Because I write a music appreciation curriculum I try to go to as many performances as I can. This year my husband and I subscribed to a series of concerts with the Atlanta Symphony Orchestra.

Saturday night we heard an all Bernstein program, which was quite fitting because in SQUILT LIVE! this month I am teaching the students all about musicals.

Something I didn’t quite realize was what a great JAZZ composer Bernstein was. Listening to his Prelude, Fugue, and Riffs got me VERY excited for February in SQUILT LIVE! - Jump into Jazz! (You can join me at any time for live lessons - we have so much fun!)

We also enjoyed dinner out together - Lebanese food (yum!) - before the symphony.

When you have big kids it’s easy to go out for date night. Bonus.

Date Night at the Symphony

Books

I started reading The Lake House by Kate Morton this week. I love everything she writes.

Being in a local in-person book club has been a lot of fun for me. Last week three of us from the book club met to talk about our book goals for the year. I know that I want to read more non fiction this year, and in particular I would like to focus on more religious and education non fiction. (Did you see the most recent post I wrote about C.S. Lewis?)

I put the question to our private Facebook group, Equipping Homegrown Learners, about starting a book club on the page - with the first book being Beauty in the Word by Stratford Caldecott.

Come join our FB group, by the way - I think we have great discussions and encouragement.

I also really enjoyed the latest episode of What Should I Read Next? - and seriously wish I had a little one so we could do a 1,000 books challenge like the mom in this podcast!

Latin

My 14-year-old is odd.

He loves Latin.

I think it is the challenge of solving a big puzzle as you parse a sentence that intrigues him the most. As he is working through Henle Latin in Challenge B this year I am starting to think about adding a second language in high school next year.

The National Latin Exam is taken in March of each year and I coordinate the testing for our Challenge community.
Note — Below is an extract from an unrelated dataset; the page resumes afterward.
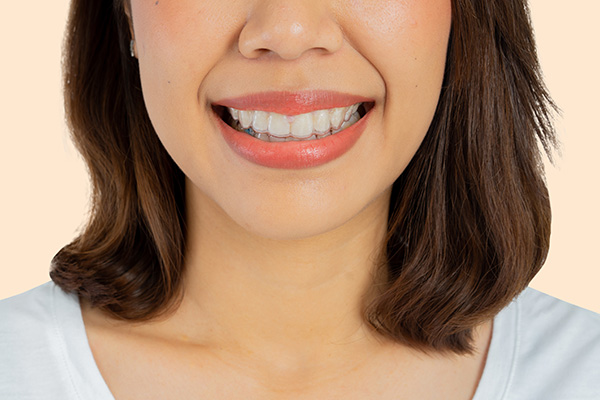Invisalign Teeth Straightening is More Comfortable than Braces from Gentling Smiles in Shoreline, WA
This morning I spoke to their class about the test and what we will do to prepare, and then I stayed for the hour of Latin they had afterwards.

They were talking about the quality and quantity of adjectives and the endings that go with them. It was at this point in my daughter’s Latin studies that I remember jumping ship; I think I might try to make it a bit further this year.

What We’ve Been Up To Lately: Latin

I love the discipline and precision the study of Latin brings to our homeschool. I love watching a room full of eighth graders seriously discuss how to approach translating a sentence from English into Latin.

It isn’t hard to learn Latin - it just requires commitment and patience.

That’s what we have been up to.

I’d love to know what YOU have been up to in your homeschool lately.